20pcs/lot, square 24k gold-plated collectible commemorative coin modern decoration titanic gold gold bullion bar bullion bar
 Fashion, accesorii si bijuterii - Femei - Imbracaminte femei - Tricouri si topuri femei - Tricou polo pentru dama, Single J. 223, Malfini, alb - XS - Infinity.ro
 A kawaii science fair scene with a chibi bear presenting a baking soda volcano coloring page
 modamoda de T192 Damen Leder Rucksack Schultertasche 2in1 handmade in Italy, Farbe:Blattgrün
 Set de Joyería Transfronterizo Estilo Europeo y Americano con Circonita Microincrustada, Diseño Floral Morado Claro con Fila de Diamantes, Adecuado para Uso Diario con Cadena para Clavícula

* REQUIREMENT: All lines from the one with "A kawaii science" onward to the end of the records above should be repeated exactly, and only those lines.

* FINAL ANSWER:
 A kawaii science fair scene with a chibi bear presenting a baking soda volcano coloring page
 modamoda de T192 Damen Leder Rucksack Schultertasche 2in1 handmade in Italy, Farbe:Blattgrün
 Set de Joyería Transfronterizo Estilo Europeo y Americano con Circonita Microincrustada, Diseño Floral Morado Claro con Fila de Diamantes, Adecuado para Uso Diario con Cadena para Clavícula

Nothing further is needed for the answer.